What you should do:
When you reach the line that contains "index.php/fa/1279/0/" in the data below, copy it and every line after it exactly, adding nothing.

Records for the task:
^^^^^^^^

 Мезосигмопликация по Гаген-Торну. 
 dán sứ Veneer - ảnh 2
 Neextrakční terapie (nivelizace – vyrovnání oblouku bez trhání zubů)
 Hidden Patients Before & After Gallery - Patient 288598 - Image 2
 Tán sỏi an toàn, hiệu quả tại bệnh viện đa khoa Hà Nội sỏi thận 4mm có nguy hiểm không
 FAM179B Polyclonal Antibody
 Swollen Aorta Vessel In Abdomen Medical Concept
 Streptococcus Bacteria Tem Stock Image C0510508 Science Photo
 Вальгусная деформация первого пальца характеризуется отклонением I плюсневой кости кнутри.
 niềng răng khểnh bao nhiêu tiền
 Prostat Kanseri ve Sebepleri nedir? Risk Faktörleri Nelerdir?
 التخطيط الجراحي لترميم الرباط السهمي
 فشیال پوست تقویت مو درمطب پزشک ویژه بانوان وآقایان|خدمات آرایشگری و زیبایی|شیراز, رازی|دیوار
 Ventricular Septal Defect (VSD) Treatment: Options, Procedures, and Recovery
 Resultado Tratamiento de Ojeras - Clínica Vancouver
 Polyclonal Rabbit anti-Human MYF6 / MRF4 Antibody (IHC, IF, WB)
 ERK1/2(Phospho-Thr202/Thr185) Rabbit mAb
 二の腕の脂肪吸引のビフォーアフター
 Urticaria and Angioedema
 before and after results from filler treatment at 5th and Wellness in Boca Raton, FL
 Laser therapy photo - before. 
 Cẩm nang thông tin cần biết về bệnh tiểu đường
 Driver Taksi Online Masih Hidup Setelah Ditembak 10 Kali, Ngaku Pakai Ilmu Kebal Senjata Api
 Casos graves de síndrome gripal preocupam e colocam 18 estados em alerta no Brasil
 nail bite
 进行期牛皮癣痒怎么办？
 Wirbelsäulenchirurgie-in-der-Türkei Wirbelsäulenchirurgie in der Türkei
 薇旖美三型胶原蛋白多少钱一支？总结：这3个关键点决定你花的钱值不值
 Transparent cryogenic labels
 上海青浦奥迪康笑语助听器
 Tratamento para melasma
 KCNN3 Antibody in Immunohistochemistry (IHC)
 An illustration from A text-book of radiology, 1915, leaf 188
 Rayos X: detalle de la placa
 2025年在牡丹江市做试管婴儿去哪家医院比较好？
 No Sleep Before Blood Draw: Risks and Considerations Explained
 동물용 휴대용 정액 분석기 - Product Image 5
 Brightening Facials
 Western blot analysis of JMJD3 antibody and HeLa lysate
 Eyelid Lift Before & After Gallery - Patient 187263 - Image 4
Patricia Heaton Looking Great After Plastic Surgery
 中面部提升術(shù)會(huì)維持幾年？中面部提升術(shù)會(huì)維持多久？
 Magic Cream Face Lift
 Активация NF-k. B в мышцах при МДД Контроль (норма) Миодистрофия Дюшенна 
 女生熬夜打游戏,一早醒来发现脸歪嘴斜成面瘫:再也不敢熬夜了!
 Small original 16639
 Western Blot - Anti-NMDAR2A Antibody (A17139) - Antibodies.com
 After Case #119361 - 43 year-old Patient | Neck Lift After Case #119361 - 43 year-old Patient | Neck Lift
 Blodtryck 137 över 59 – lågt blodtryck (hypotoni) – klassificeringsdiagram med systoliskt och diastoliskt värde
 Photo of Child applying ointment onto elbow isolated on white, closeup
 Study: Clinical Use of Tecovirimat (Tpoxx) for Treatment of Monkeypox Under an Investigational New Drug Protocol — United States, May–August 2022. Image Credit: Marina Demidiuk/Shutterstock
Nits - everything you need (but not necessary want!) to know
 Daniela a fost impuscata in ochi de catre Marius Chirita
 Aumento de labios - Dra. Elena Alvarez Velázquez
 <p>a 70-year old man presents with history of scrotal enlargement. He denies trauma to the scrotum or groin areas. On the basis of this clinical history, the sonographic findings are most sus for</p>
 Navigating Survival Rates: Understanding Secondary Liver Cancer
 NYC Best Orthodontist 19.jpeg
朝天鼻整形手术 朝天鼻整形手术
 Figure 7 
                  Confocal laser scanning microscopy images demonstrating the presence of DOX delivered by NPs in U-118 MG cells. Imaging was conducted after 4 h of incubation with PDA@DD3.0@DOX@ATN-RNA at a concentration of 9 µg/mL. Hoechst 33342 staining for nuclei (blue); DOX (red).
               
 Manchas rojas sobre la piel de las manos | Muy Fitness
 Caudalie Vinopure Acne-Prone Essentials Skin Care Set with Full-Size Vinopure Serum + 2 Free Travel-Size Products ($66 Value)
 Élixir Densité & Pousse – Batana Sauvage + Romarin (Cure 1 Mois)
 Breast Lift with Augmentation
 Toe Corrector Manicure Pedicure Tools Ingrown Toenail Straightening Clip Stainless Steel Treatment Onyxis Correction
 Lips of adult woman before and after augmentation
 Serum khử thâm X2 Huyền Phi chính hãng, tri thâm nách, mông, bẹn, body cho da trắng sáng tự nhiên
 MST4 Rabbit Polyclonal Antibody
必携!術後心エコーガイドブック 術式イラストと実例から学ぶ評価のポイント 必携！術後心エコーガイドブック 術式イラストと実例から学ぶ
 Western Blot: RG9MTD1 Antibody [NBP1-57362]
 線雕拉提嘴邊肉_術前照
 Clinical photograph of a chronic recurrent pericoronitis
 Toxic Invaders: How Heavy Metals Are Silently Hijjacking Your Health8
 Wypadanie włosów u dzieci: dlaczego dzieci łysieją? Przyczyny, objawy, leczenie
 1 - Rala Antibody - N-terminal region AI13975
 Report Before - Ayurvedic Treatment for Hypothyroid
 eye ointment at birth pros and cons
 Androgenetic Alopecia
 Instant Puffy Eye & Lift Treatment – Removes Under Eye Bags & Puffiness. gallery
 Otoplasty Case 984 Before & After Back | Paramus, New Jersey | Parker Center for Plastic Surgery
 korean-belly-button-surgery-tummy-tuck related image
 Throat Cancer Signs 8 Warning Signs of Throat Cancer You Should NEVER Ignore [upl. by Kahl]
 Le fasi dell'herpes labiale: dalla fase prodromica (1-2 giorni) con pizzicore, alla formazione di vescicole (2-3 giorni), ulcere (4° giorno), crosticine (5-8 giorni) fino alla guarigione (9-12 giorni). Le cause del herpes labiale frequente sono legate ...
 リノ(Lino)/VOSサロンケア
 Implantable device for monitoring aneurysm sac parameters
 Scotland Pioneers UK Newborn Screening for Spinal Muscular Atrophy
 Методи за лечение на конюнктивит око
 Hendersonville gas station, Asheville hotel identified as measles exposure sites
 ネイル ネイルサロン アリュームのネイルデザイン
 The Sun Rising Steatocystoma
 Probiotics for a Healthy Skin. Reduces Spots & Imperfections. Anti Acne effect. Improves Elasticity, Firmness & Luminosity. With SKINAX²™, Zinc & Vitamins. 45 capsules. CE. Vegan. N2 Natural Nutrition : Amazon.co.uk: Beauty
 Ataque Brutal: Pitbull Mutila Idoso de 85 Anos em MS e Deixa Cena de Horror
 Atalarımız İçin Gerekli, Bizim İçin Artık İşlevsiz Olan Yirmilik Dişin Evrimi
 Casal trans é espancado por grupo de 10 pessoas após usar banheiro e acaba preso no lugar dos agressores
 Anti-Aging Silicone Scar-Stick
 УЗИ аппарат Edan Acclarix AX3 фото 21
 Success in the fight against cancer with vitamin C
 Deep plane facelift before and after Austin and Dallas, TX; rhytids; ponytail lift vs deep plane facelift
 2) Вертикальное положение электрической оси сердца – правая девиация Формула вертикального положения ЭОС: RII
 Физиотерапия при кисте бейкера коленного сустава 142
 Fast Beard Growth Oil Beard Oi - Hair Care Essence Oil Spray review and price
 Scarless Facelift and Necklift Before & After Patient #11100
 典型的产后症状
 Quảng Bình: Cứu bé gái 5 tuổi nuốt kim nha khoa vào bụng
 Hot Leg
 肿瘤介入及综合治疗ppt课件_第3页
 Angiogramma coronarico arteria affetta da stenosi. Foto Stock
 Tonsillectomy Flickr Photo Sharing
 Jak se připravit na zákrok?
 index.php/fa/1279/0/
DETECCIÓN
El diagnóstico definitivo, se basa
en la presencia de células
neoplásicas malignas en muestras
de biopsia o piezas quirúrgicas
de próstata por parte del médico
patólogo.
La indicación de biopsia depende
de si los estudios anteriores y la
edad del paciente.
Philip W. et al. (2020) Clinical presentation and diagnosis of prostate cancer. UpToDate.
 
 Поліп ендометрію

^^^^^^^^

Exercise response:
 index.php/fa/1279/0/
DETECCIÓN
El diagnóstico definitivo, se basa
en la presencia de células
neoplásicas malignas en muestras
de biopsia o piezas quirúrgicas
de próstata por parte del médico
patólogo.
La indicación de biopsia depende
de si los estudios anteriores y la
edad del paciente.
Philip W. et al. (2020) Clinical presentation and diagnosis of prostate cancer. UpToDate.
 
 Поліп ендометрію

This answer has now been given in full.